“Coloro che amano dovrebbero stare spesso silenziosi”¹. La relazione tra amore e silenzio fatta dallo scrittore britannico Charles Morgan (1894 – 1958) sembra scontrarsi con la definizione di silenzio come “assenza di suono” tratta dalla famosa enciclopedia digitale Wikipedia².

Silenzio, secondo Morgan, è piuttosto un atteggiamento attivo (si fa silenzio per amare) e non passivo, più presenza che assenza. Wikipedia, al contrario, presenta il silenzio come “assenza”, ma poi aggiunge alla sua definizione l’importanza del silenzio come “componente essenziale della musica”. Questa relazione tra amore e silenzio di Morgan, sembra poi toccare ontologicamente il significato della relazione tra il silenzio e la musica.

Musica, silenzio e ascolto

Il rapporto tra musica e il silenzio sembra stabilirsi di modo necessario nel momento in cui si aggiunge il ruolo dell’ascolto.

Tenendo conto che la musica è espressione gratuita (dono di sè) del musicista, che “distilla nel cuore la Verità”³, sembra necessario un vero ascolto, profondo annientamento dall’ascoltatore, per cogliere ciò che è messaggio musicale, e cioè, c’è bisogno del silenzio “come realtà vivente”4.

D’altra parte si può definire “vera musica” quell’espressione in cui il musicista riesce a trasmette profondamente l’ispirazione, “negli infiniti limiti della sua piccolezza di uomo a confronto di Dio” 5. Quando è frutto dell’ascolto che coglie il silenzio interiore da parte di chi la suona, affinché sia “più espressione dell’Uomo che di un uomo”5.

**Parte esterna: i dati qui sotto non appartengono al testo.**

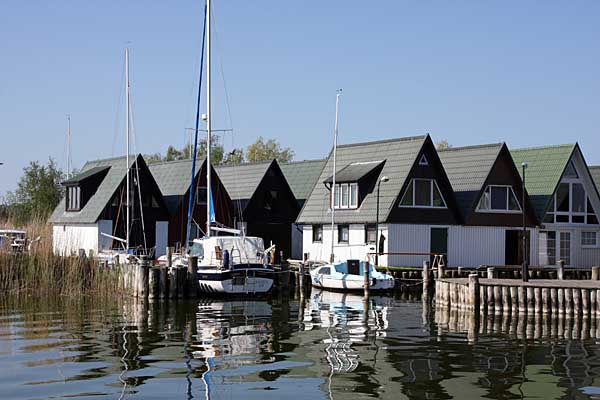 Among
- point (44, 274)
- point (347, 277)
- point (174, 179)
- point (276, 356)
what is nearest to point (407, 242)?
point (347, 277)

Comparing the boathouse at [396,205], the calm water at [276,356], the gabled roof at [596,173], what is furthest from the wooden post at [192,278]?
the gabled roof at [596,173]

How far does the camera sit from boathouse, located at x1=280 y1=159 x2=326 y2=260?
208 feet

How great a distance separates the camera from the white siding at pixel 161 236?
59781mm

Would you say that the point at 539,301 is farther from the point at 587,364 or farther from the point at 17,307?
the point at 17,307

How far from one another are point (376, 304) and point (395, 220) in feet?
39.2

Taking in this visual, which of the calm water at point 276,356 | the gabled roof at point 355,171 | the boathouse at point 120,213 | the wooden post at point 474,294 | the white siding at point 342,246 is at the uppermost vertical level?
the gabled roof at point 355,171

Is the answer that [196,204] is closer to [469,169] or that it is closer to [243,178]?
[243,178]

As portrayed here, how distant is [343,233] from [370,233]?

Questa relazione tra musica, ascolto e silenzio si trasfigura spontaneamente attraverso “l’unica caratteristica che il silenzio condivide con il suono, in un contesto musicale: la durata” ². È in questo momento che ognuno (musica, ascolto e silenzio) esegue, allo stesso tempo, la sua funzione specifica, che poi caratterizza ed è caratterizzata dalle altre attraverso la relazione reciproca. Questo vuol dire che musica, silenzio e ascolto devono darsi reciprocamente ed essere concomitanti.

Silenzio secondo i musicisti

Secondo la giovane svizzera, suonatrice di viola e violino, Andrea Burger, “il silenzio è una parte molto grande e importante della musica, perché senza esso non c’è musica”. Per Andrea “la musica ha bisogno dell’ascolto e per questo è necessario avere il silenzio”.

Il chitarrista brasiliano Renan Nerone non è d’accordo con la definizione di silenzio come assenza del suono. Secondo lui “il silenzio fa parte della nostra vita, proprio perché è vita; quello che potrebbe sembrare l’assenza del suono – anche se noi uomini non siamo ancora sicuri se il silenzio assoluto esiste veramente – ha un valore e un significato immenso per la nostra esistenza”. Riaffermando l’idea della musicista svizzera Andrea, Renan aggiunge che “non esiste musica senza il silenzio, perché è attraverso esso che la musica acquista il suo colore affascinante”.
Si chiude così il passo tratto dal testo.